Pour conclure, je voudrais dire que si le lien individuel entre pauvreté et absence d’emploi est important, en particulier en termes de risque de pauvreté – comme nous l’avons vu le risque de pauvreté des chômeurs est bien plus élevé que celui des travailleurs –, la question de la pauvreté au niveau collectif ne peut être réduite à la question de l’accès à l’emploi puisque seulement une partie des pauvres le sont en raison d’un manque d’emploi. Dès lors, une politique ambitieuse de lutte contre la pauvreté doit inclure le développement d’une importante sécurité sociale permettant un large accès à des allocations dont le montant est suffisamment élevé, ainsi que la mise en place de services publics (santé, éducation, logement social, transports en commun, culture, etc.) bien financés et de qualité.

Notes

[1On calcule le revenu équivalent des personnes de la manière suivante. D’abord on estime le revenu net total du ménage en sommant tous les revenus nets perçus par tous les membres de celui-ci : salaires, revenus de l’activité indépendantes, revenu du capital (loyers perçus, dividendes, intérêts, etc.), allocations, pensions, etc. Ensuite, on divise ce revenu du ménage par le nombre d’unité de consommation de celui-ci dans le but de pondérer les ménages par leur taille (pour prendre en compte les besoins différents des gros et petits ménages. Le nombre d’unité de consommation est calculé ainsi : le 1er adulte a un poids de 1, les autres adultes un poids de 0,5 et les enfants de moins de 14 ans, un poids de 0,3. Ce revenu équivalent constitue une estimation du niveau de vie de chaque personne. Le seuil de pauvreté est estimé à 60 % du revenu équivalent médian national.

[2Cette variable est construite en demandant aux personnes d’au moins 16 ans la catégorie qui correspond le mieux à leur situation actuelle : salarié à temps plein, salarié à temps partiel, indépendant, au chômage, étudiant, pensionné (y compris les prépensionnés), en incapacité de travail permanente, au foyer, autre situation d’inactivité (y compris usager de CPAS). En cas de cumul de statut, c’est aux personnes de choisir quel est le statut qu’elles considèrent comme principal. Les enfants de moins de 16 ans sont reclassés dans une catégorie spécifique.

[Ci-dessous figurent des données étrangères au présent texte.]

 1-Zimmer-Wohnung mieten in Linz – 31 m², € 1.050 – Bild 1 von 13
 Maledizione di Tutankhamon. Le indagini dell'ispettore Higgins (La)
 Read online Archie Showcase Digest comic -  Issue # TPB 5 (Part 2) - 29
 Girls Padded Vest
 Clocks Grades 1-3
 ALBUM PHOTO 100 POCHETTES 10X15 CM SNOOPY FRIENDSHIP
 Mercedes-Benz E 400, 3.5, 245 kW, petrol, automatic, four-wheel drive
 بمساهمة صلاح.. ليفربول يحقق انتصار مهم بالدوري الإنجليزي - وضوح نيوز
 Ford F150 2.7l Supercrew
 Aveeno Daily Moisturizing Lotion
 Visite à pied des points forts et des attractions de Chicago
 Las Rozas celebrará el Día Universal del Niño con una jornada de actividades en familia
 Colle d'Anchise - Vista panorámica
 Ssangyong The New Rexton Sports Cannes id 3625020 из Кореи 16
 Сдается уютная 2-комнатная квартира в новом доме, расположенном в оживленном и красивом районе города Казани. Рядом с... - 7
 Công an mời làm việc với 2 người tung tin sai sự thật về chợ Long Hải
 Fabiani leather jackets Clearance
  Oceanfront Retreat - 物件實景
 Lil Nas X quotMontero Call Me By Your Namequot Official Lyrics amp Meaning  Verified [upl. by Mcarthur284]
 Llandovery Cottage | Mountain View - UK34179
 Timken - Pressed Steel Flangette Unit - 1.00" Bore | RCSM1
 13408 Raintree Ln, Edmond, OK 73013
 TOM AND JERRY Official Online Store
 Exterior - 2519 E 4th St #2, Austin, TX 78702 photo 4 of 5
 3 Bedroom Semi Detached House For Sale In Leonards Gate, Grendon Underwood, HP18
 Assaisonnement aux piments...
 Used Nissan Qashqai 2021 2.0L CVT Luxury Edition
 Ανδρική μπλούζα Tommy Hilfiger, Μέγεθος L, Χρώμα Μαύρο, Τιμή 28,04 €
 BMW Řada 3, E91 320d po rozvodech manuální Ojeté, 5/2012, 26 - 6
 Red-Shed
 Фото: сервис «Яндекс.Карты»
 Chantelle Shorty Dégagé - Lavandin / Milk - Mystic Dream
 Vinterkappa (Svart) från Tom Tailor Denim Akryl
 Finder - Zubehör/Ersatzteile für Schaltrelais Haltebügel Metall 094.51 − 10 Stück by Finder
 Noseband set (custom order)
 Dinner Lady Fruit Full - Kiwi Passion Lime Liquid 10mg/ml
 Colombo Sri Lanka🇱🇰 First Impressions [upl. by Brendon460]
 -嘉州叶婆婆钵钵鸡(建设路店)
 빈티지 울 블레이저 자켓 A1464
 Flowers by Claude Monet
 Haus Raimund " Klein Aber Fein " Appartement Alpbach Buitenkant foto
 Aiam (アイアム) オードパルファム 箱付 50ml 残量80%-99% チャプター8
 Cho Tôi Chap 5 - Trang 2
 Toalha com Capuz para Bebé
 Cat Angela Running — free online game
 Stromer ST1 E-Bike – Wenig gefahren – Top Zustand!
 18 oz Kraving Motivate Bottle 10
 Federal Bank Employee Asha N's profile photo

[5L’allocation de chômage est journalière. De ce fait, le montant perçu varie selon le nombre de jours ouvrables par mois. Dans une situation moyenne (26 jours ouvrables sur le mois), le montant mensuel brut s’élève à 1.197,56€. Voir : https://www.onem.be/fr/documentation/feuille-info/t67.

[7Cette affirmation ne serait peut-être plus vraie si l’on additionnait les bénéficiaires d’un revenu d’intégration sociale (RIS) avec les chômeurs, mais on ne peut pas isoler cette dernière catégorie dans les données utilisées. Quoi qu’il en soit le nombre de chômeurs pauvres et de bénéficiaires du RIS pauvres ne serait jamais très supérieur au nombre de travailleurs pauvres.